It's Saturday and I did not go to yoga. I just didn't have it in me to roll out of bed at 6:30. The snow overnight was certainly a factor as was the snuggly comforter. It's now a matter of knocking down the "to-do" list and feeling accomplished before heading out to a party.
My yoga instructor continually tells us that there is no perfect pose other than corpse pose where the level of clear headedness and relaxation allows the mind and body to drift off to sleep. I struggle with the art of relaxation. I have always remarked that it was a wise decision to never pick up smoking, not only because I have asthma but due to my inability to simply sit and chill.
While others can sink into a plush sofa, remote in hand and not analyze every detail of the day, I sit at my laptop and plunk it out in type. It is why I am here at this moment on a snowy March afternoon. I am trying to gather my thoughts, make sense of them and make the most of my weekend.

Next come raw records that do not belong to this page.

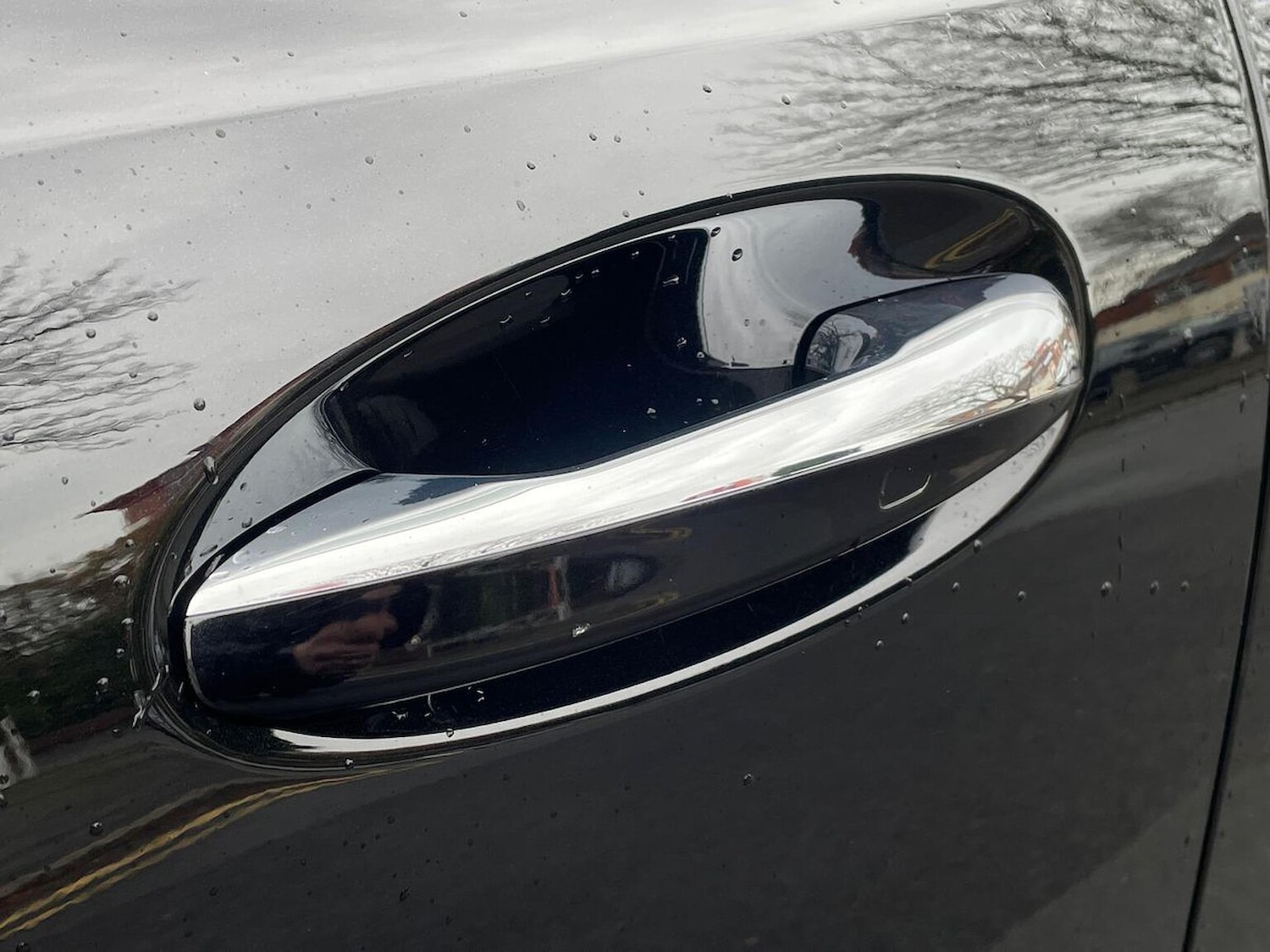 Used Mercedes-Benz GLB 2024 for sale - 76490552: Photo 39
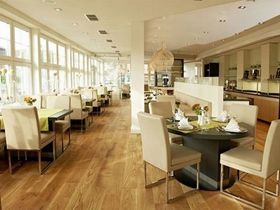  Maritime Winter-Wellness- 8 Tage auf Langeoog     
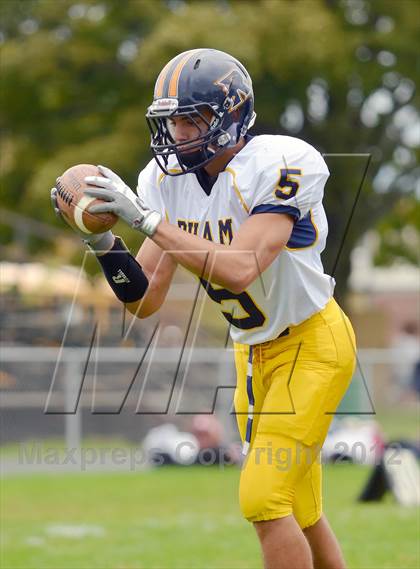 Thumbnail 2 in RHAM @ Bulkeley photogallery.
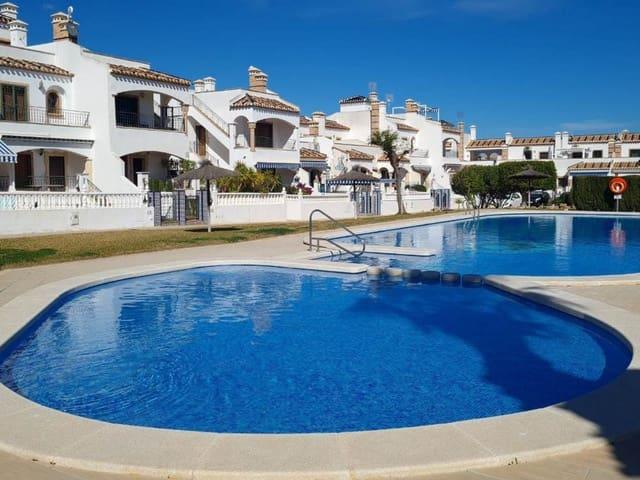 Ático en venta en Urbanización La Zenia II, el Baix Segura / La Vega Baja
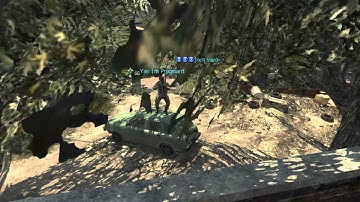 Village Cross Map TK - MW3 - Yay Im Pregnant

I recently received a promotion and with that comes additional responsibility. I am still working through what the future will hold with my children and the life I provide them. Of course, my mind and heart are always with Mom and what quality of life she will have when she is released from rehabilitation.
In the meantime, I compile my list and scratch things off as I get them completed. I will go see Mom, I will clean my apartment, I will go grocery shopping and I will go to my friend's house and share a laugh and a drink or two. My life is like anyone with a series of hills and valleys, but I do know I am blessed and that is what finally allows the gears to stop grinding at night when my head hits the pillow.